━━━ Records for this task ━━━
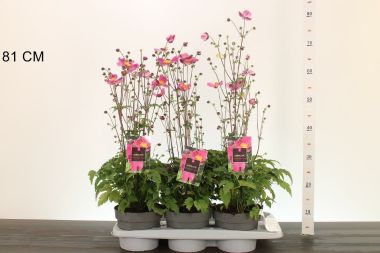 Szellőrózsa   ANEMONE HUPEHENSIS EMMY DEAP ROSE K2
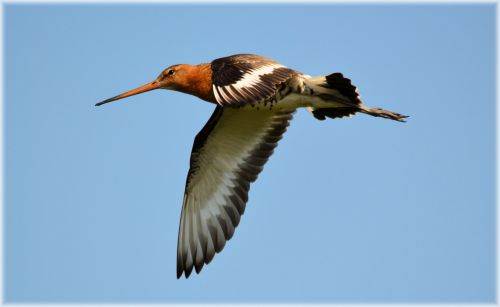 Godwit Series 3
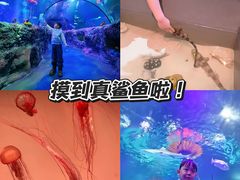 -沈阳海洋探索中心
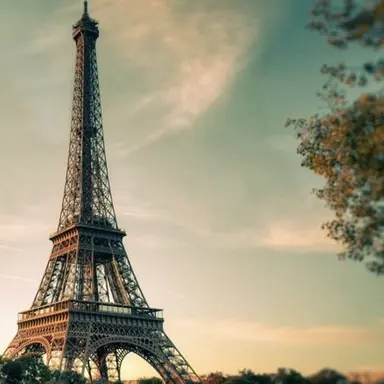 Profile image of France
━━━
━━━ Records for this task ━━━
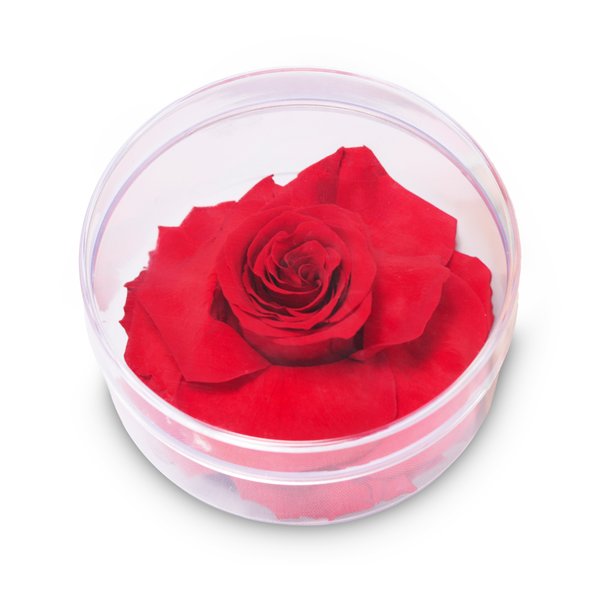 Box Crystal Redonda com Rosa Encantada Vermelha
━━━
Assignment >> Transcribe only the lines above that start at the line containing "DEAP ROSE K2" and end at the line containing "Profile image of France". Omit pictures.

Answer to the problem >>
 Szellőrózsa   ANEMONE HUPEHENSIS EMMY DEAP ROSE K2
 Godwit Series 3
 -沈阳海洋探索中心
 Profile image of France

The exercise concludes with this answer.